Dr. Robert Hayes is the associate provost of the Office of Teaching Innovation and Digital Education (formerly the College of Continuing Studies). Prior to this appointment, he served as associate dean for Online Learning in the College of Continuing Studies. In that role, he oversaw the College’s robust portfolio of online academic and continuing education programs, including ACCESS Virtual Learning, New College Life Track, The University of Alabama Online and UA Early College.
Since joining the team in 2018, Dr. Hayes has led in advancing The University of Alabama’s distinction as a national leader in the distance and online education market, including rebranding Bama by Distance to The University of Alabama Online, launching 22 new academic degree programs and increasing high school dual credit, undergraduate and graduate student enrollment. Under his leadership, OTIDE has implemented Quality Matters as the guiding framework for quality assurance in online teaching and learning, introduced 24/7 technical support for faculty and students and improved UA’s standings in U.S. News & World Report rankings for Best Online Programs.
Dr. Hayes served in several professional roles across The University of Alabama since 2005. He managed marketing, communications and fundraising activities for the Division of Student Life, where he oversaw a comprehensive rebranding of the division and grew the portfolio of endowed support accounts by more than $4 million. Dr. Hayes served six years as assistant dean and director of Student Services in the College of Arts and Sciences; through this role, he introduced a First Year Advising Center, expanded pre-professional programming for undergraduates, introduced an experiential learning center and incorporated strategic interventions that improved the College’s recruitment, retention and graduation outcomes.
Prior to his work in Academic Affairs, Dr. Hayes directed UA’s Bama Bound Orientation program in the Division of Enrollment Management, where his team welcomed the largest consecutive freshmen classes UA had seen in its history to date.

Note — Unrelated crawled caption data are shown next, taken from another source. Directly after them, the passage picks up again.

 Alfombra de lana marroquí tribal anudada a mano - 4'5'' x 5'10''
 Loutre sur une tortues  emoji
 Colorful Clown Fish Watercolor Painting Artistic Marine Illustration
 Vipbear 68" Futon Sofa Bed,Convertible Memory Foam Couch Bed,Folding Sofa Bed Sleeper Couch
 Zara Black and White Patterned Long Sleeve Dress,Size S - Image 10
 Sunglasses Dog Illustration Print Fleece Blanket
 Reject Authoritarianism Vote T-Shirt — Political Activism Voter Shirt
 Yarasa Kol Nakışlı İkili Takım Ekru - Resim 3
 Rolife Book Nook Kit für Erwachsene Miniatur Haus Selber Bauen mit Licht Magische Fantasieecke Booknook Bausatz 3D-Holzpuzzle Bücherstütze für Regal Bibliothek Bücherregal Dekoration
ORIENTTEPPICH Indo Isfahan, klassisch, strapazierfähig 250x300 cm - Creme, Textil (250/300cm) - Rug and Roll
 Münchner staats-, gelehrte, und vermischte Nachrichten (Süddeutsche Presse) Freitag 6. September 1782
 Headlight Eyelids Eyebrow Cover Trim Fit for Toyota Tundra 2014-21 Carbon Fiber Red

He earned a Bachelor of Arts in Political Science and a Master of Science in Counseling and College Student Personnel from Jacksonville State University, and he earned a PhD in Instructional Leadership from The University of Alabama. His dissertation engaged critical race theory as a mechanism for understanding the experiences of African American male scholars in engineering academic programs at a predominately white institution.